Jesus Creed

Jesus Creed

Imagine a World 2

ImagineaWorld.jpgImagine a world, Jesus once told his followers, where lost people get found. Jesus told three such parables, we call them the lost sheep, the lost coin and the lost son. I want to dabble with the first two today. (You can read the texts after the jump.)

We need to begin at the beginning: 
Jesus is eating with the wrong people: tax collectors and sinners. They are as much a stereotype as the Pharisees and legal experts who are inspecting Jesus’ evening behaviors at meals.
We’ve got the Good-but-Inspected-Guy doing the merciful and forgiving thing with the wrong people and the right people fundamentally upset about what’s being done.  Welcoming sinners to table — evidently before they had committed themselves to Torah observance — was the wrong thing to do.
In that context, Jesus says a new imagination is in order. And that imagined world begins with Jesus’ behavior and is justified by his stories of a different world.
The kingdom world of Jesus is a world in which tax collectors are sinners are pursued by God — a shepherd seeking for a lost sheep, a woman scouring a home to find one lost coin — in spite of the risk and are pursued by God through great effort. In addition, when God finds such a lost person, God is overjoyed — here you can think of the amount of wine Jesus produced at the wedding at Cana — to the point that he throws a big party. When he finds the sheep he puts atop his shoulders and carries it home to safety and celebration; the woman cherishes the coin and calls her neighbors.
A theme sometimes neglected in this imagined world of Jesus: the sheep being found and the coin being found are connected to the sinners who repent. Those who show up to dinner with Jesus are accepting the invitation to turn from what they’ve done, who they are and enter knowing their encounter with Jesus means a new journey. 
Imagine that world, Jesus is saying, and you will see why I welcome tax collectors and sinners to the table. The whole parable throws the normative and conventional values of the Pharisees and scribes into kilter. They can’t imagine tax collectors and sinners being transformed. They can’t imagine a prophet defiling the table like this. They can’t imagine using a shepherd or a woman for such a profound covenant action — welcoming to the table. They can’t imagine a shepherd abandoning 99 sheep to find one [but perhaps another shepherd caring for the 99 is just not mentioned]; they can’t imagine a woman scouring a home for such small value. They can’t imagine either a shepherd or a woman throwing parties for such things.
Jesus can. Welcome to the imagined world of Jesus.
What prevents us such invitations? and even from offending similar religious sensibilities?

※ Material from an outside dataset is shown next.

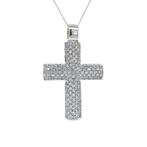 Witgouden kruis hanger met diamant 14 krt, Met hanger, Verzenden, Wit, Zo goed als nieuw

15:1 Now all the tax collectors and sinners were coming to hear him. 15:2 But the Pharisees and the experts in the law were complaining, “This man welcomes sinners and eats with them.”

15:3 So Jesus told them this parable: 15:4 “Which one of you, if he has a hundred sheep and loses one of them, would not leave the ninety-nine in the open pasture and go look for the one that is lost until he finds it? 15:5 Then when he has found it, he places it on his shoulders, rejoicing. 15:6 Returning home, he calls together his friends and neighbors, telling them, ‘Rejoice with me, because I have found my sheep that was lost.’ 15:7 I tell you, in the same way there will be more joy in heaven over one sinner who repents than over ninety-nine righteous people who have no need to repent.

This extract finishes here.